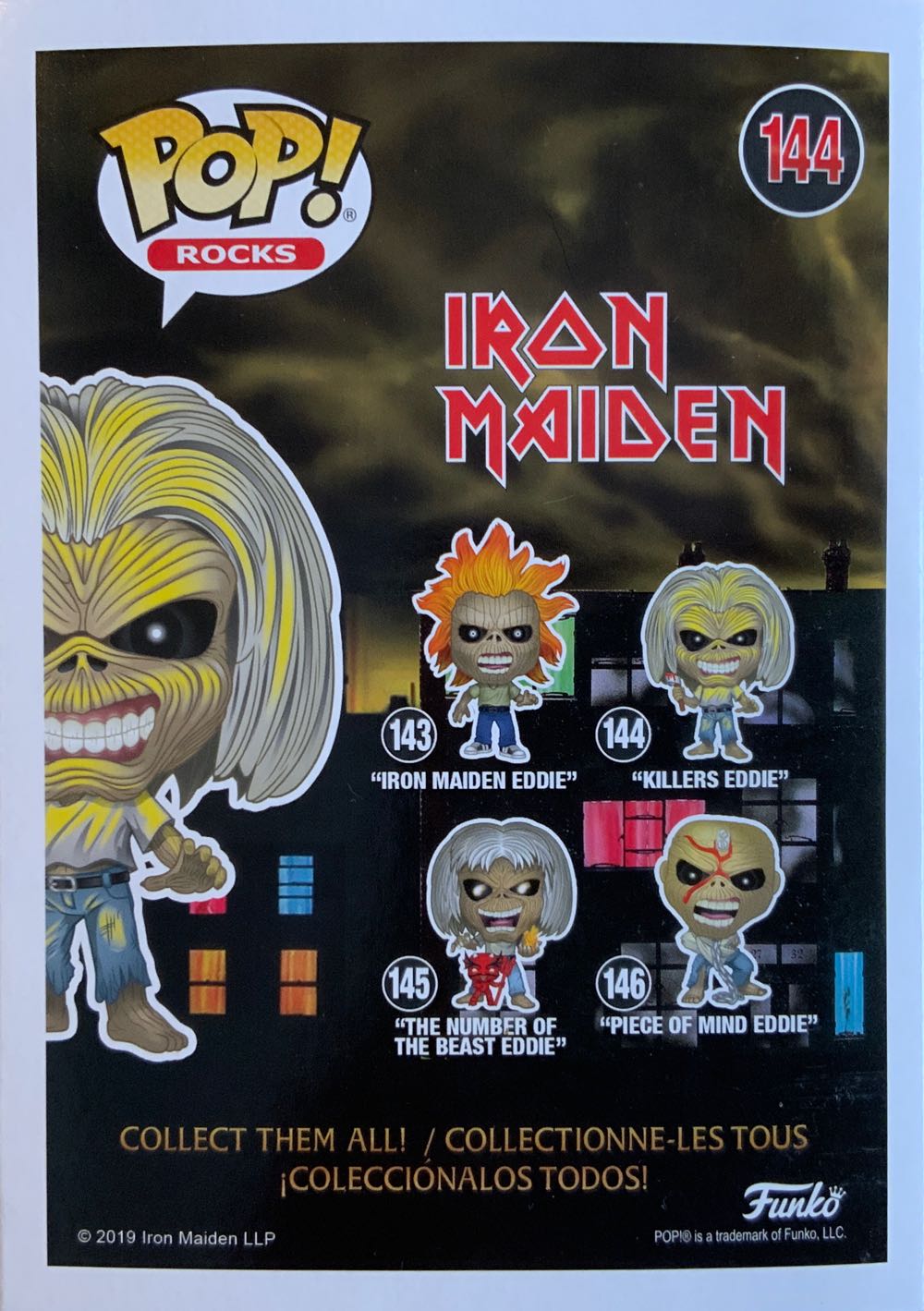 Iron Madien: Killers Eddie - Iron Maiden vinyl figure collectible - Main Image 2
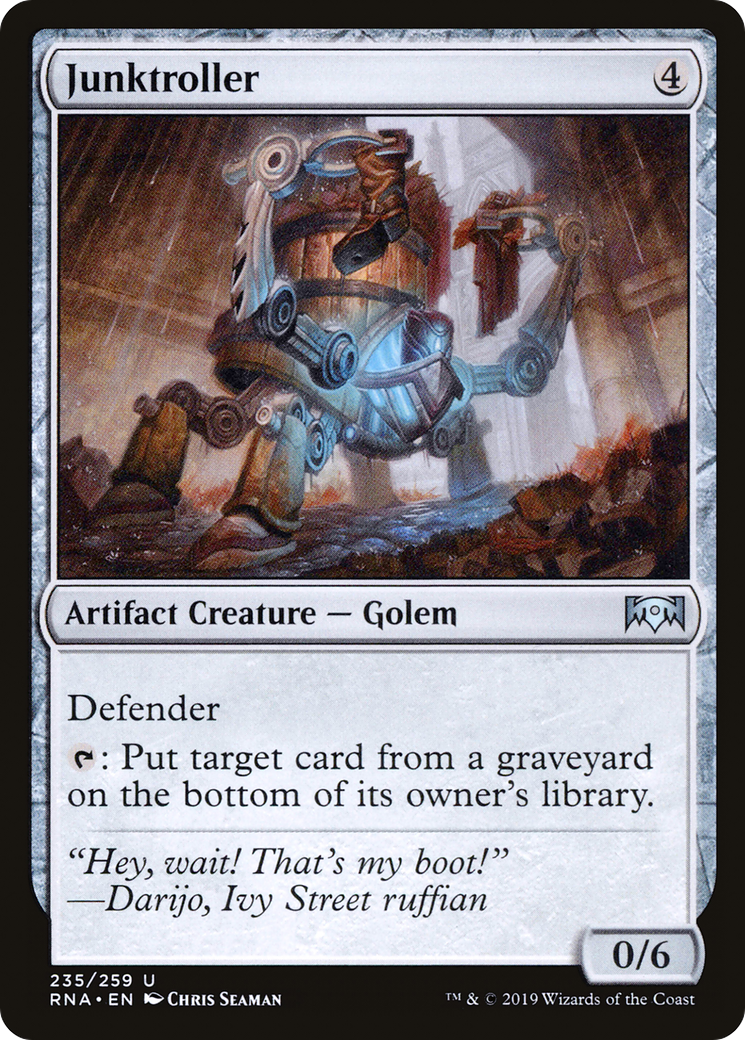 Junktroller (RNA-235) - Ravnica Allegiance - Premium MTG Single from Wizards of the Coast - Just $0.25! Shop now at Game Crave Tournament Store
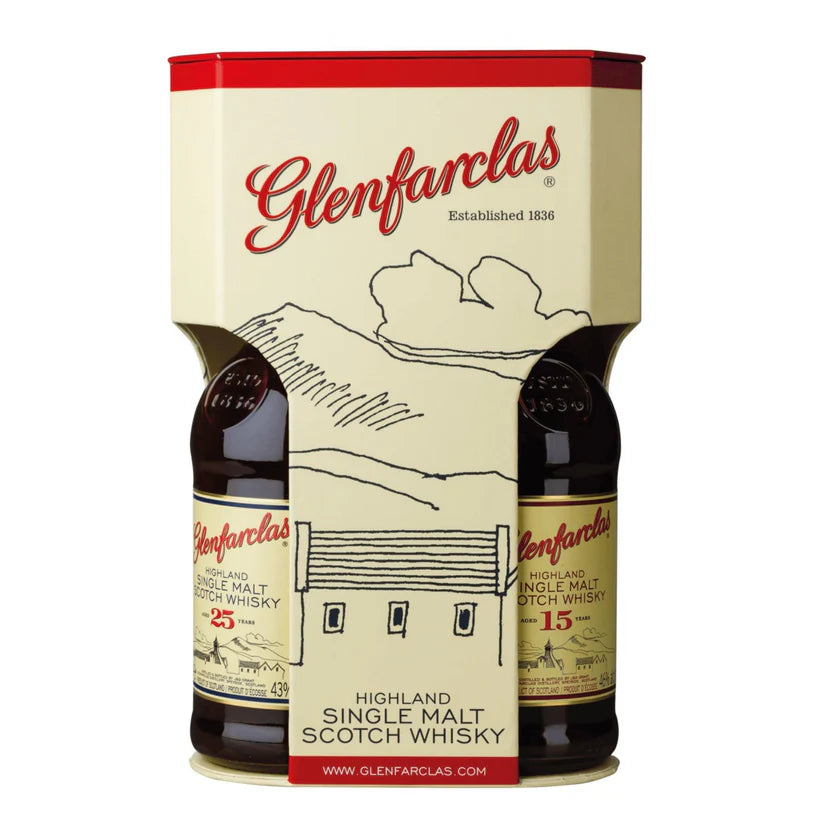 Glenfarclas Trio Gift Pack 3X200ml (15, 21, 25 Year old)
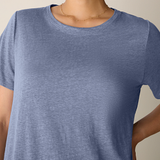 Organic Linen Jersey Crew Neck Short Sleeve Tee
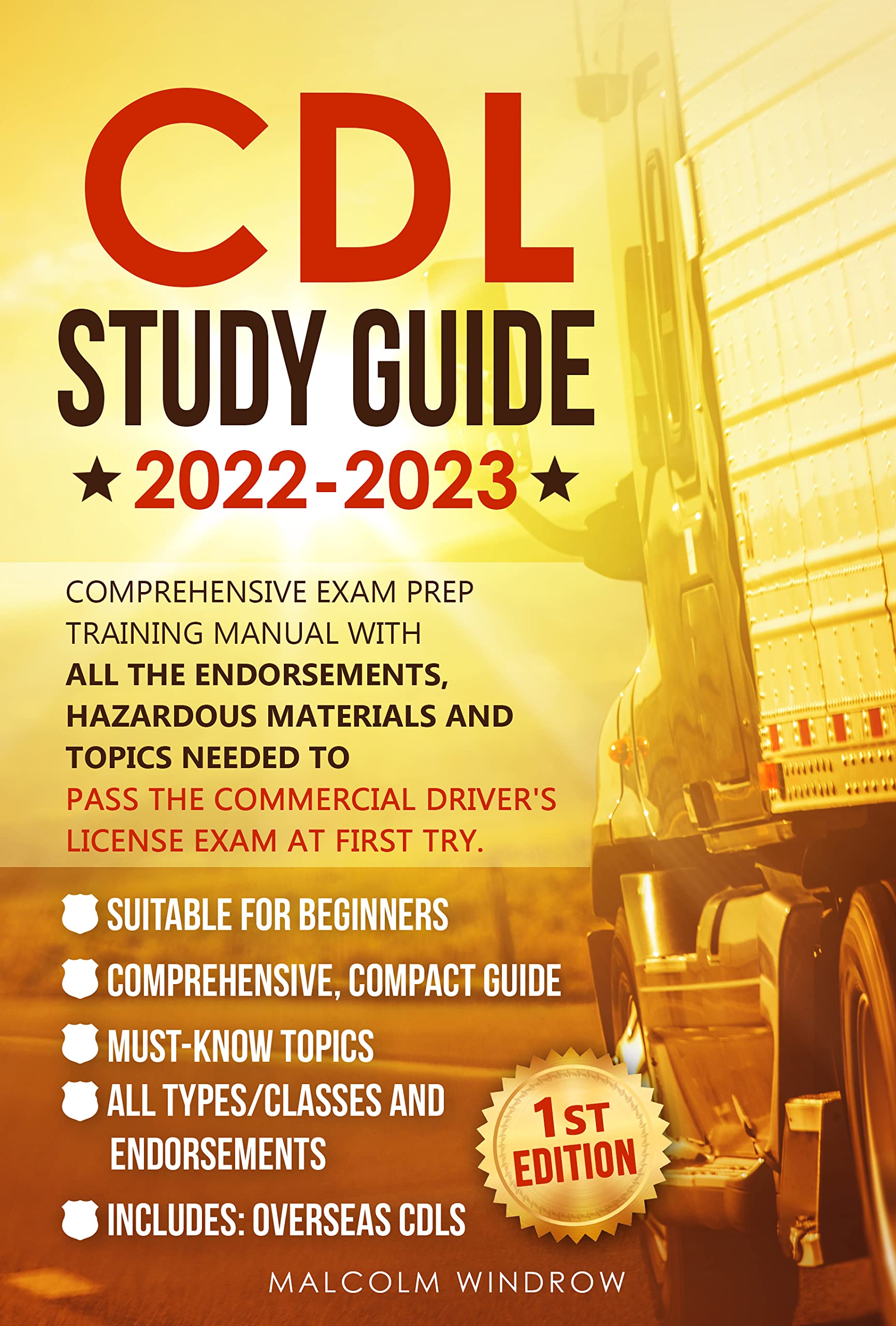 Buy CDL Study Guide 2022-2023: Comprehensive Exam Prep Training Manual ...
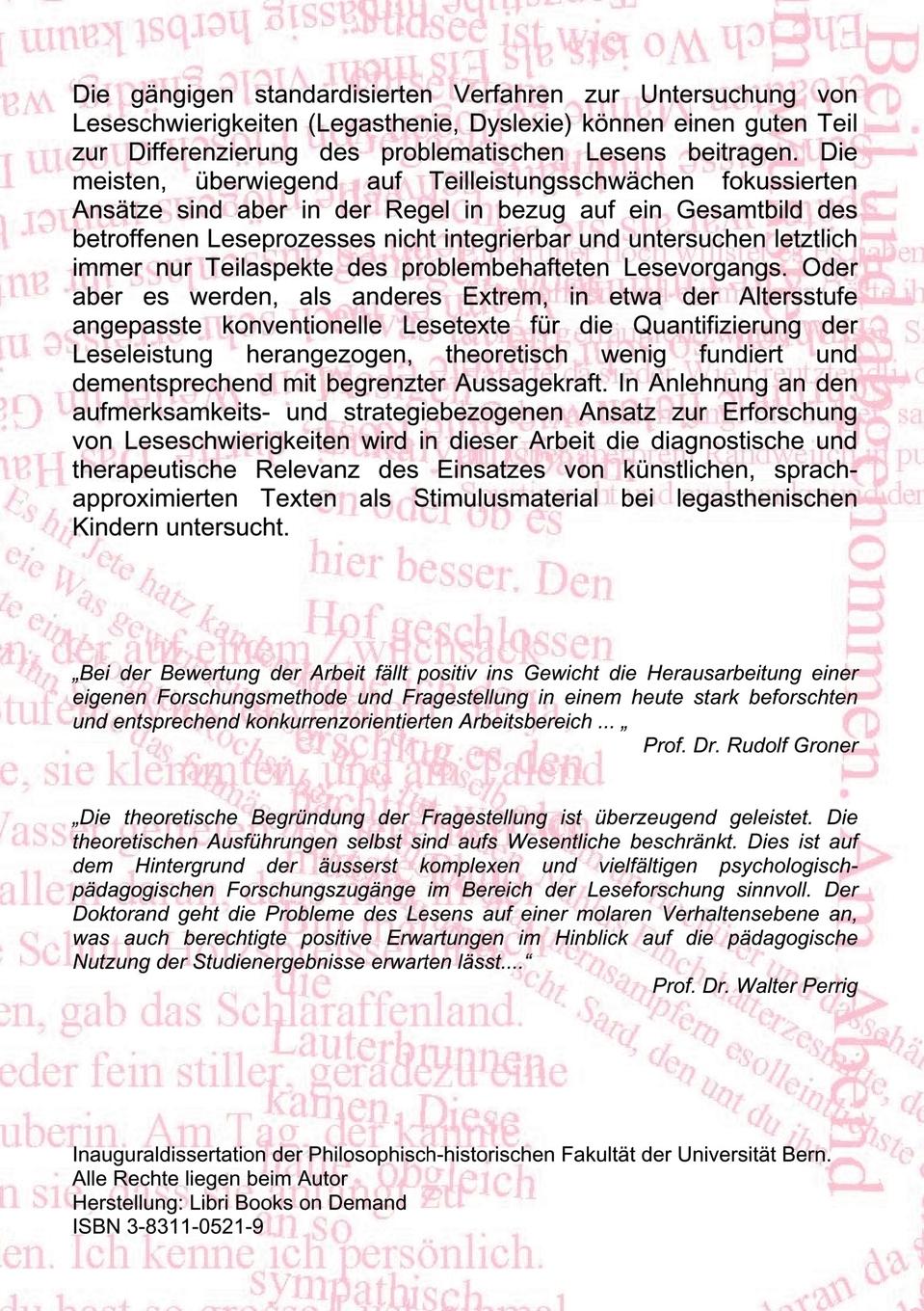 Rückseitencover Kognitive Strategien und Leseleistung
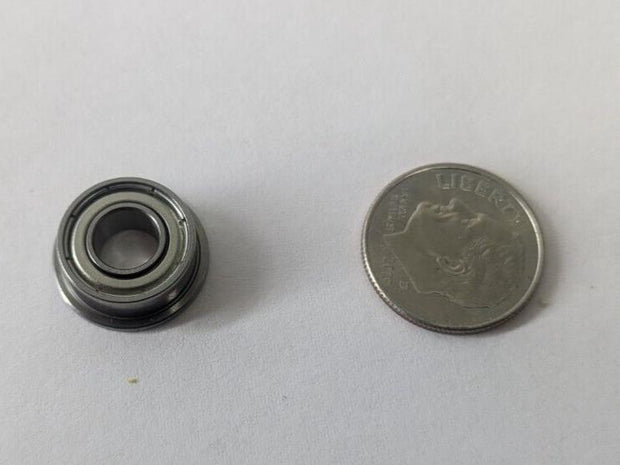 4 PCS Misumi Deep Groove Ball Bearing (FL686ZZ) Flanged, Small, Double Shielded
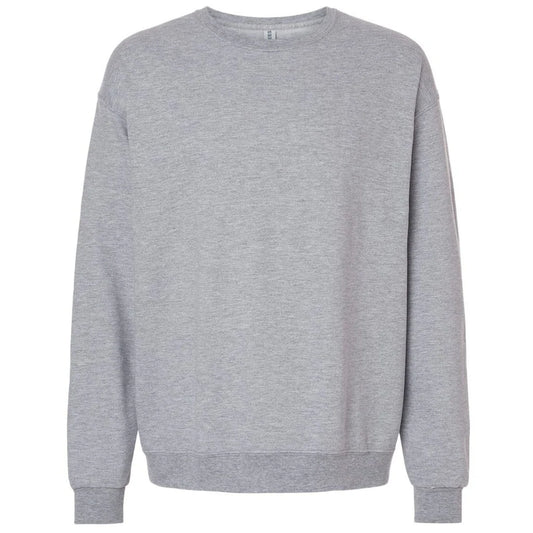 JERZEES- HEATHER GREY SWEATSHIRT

###

[WORK INSTRUCTIONS]:
Drop the pictures; return the lines above from the line containing "Glenfarclas Trio Gift" to the line containing "Rückseitencover Kognitive Strategien", both included, exactly.

[ANSWER SECTION]:
 Glenfarclas Trio Gift Pack 3X200ml (15, 21, 25 Year old)
 Organic Linen Jersey Crew Neck Short Sleeve Tee
 Buy CDL Study Guide 2022-2023: Comprehensive Exam Prep Training Manual ...
 Rückseitencover Kognitive Strategien und Leseleistung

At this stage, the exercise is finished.